Proof - Greedy Algo
0.0.1 Greedy Swap Proof
0.0.1.1 Example problem:
\[ A = [a_1 , a_2, a_3 ...]\]
\[ O = [o_1, o_2, o_3 ...]\]
Each element of A represents a state.
\[ Assume\ A \neq O \] (NOTE THIS IS NOT A PROOF BY CONTRADICTION AS THERE MAY BE MULTIPLE OPTIMAL SOLUTIONS THAT ARE NOT EQUAL)
Therefore
\[ Either\ \]
\[\exists x \in O , x \notin A \]
\[ \exists x \in A, x \notin O\]
\[ a_p = o_q , a_q = o_p \ Swap\]
Prove by contradiction
0.0.2 Greedy Inductive Lookahead Proof
0.0.2.1 Example problem: A frog can take 1..k Steps each turn, get least number of turns to reach the n Step.
State = turn
Greedy Solution, take the max k Step each State
Proof of Correctness: Show by induction that for all states, the current state is the most optimal
Instinctively we believe that jumping farther in position is correlated to optimal least number of jumps.

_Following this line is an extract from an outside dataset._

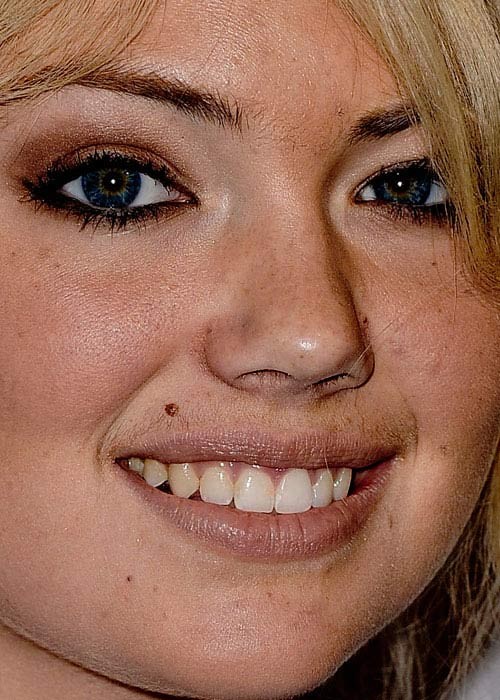 Kate Upton không chỉ để lộ những nốt ruồi "vô duyên" trên khuân mặt, mà có có thể nhìn rất rõ ria mép của cô Xem thêm:Cận cảnh: mặc mộc xinh xắn của Katy Perry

Denote \(P(i,..)\) as the position function after \(i\) steps. \[P(i,..)\ \propto\ Optimality\]
Proving our naive Greedy algo \(J\) will jump at least as far as some theoretical optimal algo \(J^*\)
Prove: \(P(i+1,J^*) \leq P(i+1,J)\)
IH: \(P(i,J^*) \leq P(i,J)\)
LEM: \(P(i,J) \lt P(i+1,J^*) \lor P(i,J) \geq P(i+1,J^*)\)
Arrow labeled “T” means obvious truth \(P(i,J) \leq P(i+1,J)\).
i to i+1 means you made a jump so you must be farther or at least the same position.
Dashed arrow labeled “lt” and “gte” comes from LEM which will help us through case analysis.
Filled arrow head means unstrict inequality \(\geq\)
Empty arrow head means strict inequality \(\gt\)
We want to prove dotted arrow labeled “?”.
PROOF:
Using LEM will help us prove our goal.
- LEM Case “gte” \(P(i,J) \geq P(i+1,J^*)\)
Obvious from composition of inequalities:
Given: \(P(i+1,J^*) \leq P(i,J)\) by “gte” case of LEM
Given: \(P(i,J) \leq P(i+1,J)\) by obvious truth
Conclusion: \(P(i+1,J^*) \leq P(i+1,J)\)
Goal solved for one case of LEM
- LEM Case “lt” \(P(i,J) \lt P(i+1,J^*)\) :
Observation: Look at the maximum number of positions one can move in 1 transition.
Our greedy algo \(J\) by definition will take r steps (by definition since it’s greedy).
No evidence \(J^*\) the Theoretical optimal algo will take r steps.
PURPLE DOUBLE ARROW MEANS EQUALITY.
Basically it says our greedy algo WILL take r steps.
\(\color{purple}{Greed: P(i+1,J)=P(i,J)+r}\)
Notice how \(P(i,J)+r\) behaves like a sink or a Terminal object.
In general, finding terminal objects is a hint at optimality.
- Both cases of LEM proved
By induction we shown our greedy algo will always be ahead in terms of position which is correlated to optimality.
remarks: Now that I look at it, LEM may not have been necessary but technically the proof is still correct.